======== Data in this exercise

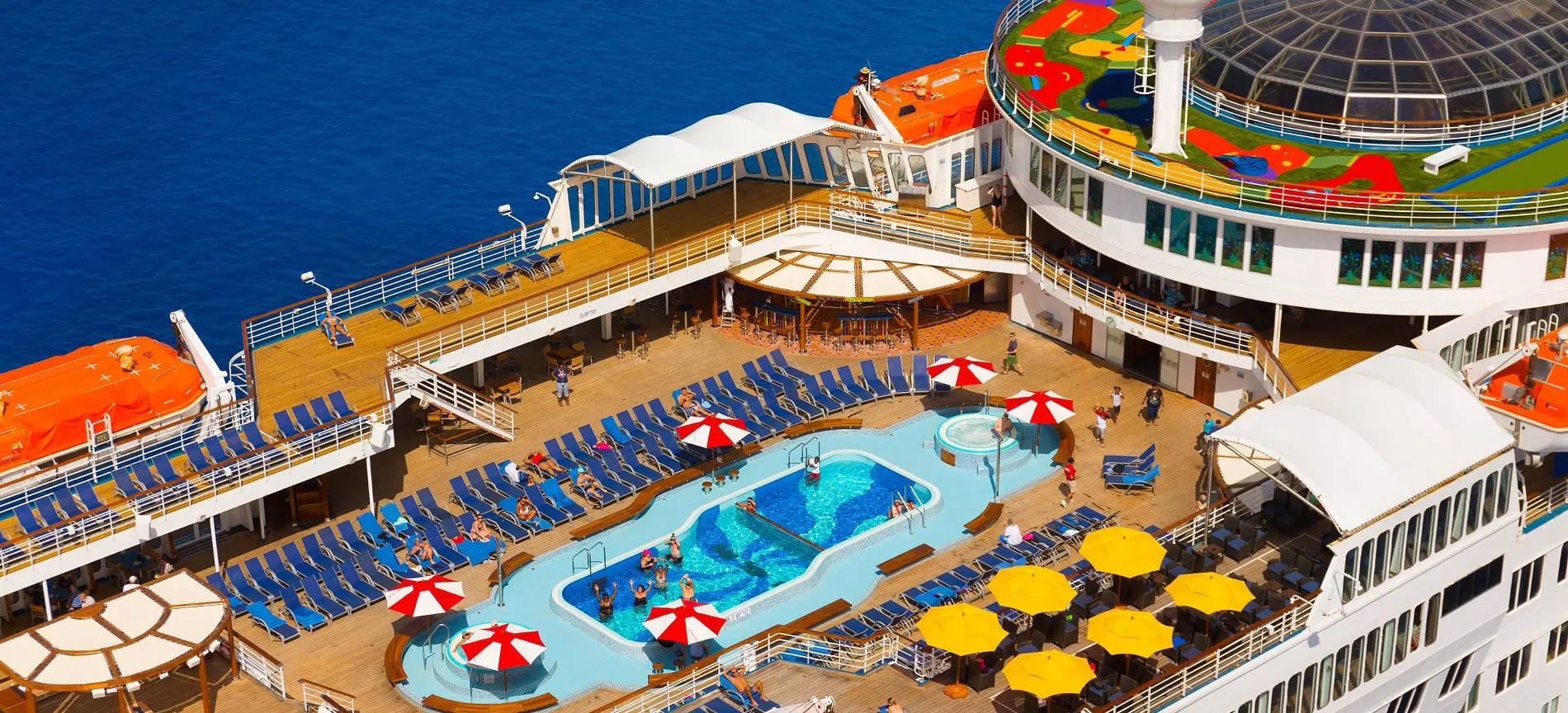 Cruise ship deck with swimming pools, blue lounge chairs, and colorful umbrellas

================
======== Data in this exercise

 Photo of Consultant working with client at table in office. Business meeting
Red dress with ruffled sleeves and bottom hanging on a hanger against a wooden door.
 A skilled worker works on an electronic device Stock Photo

================

● Exercise:
Go through the listing above and copy each line that contains "Photo".

● Result of this exercise:
 Photo of Consultant working with client at table in office. Business meeting
 A skilled worker works on an electronic device Stock Photo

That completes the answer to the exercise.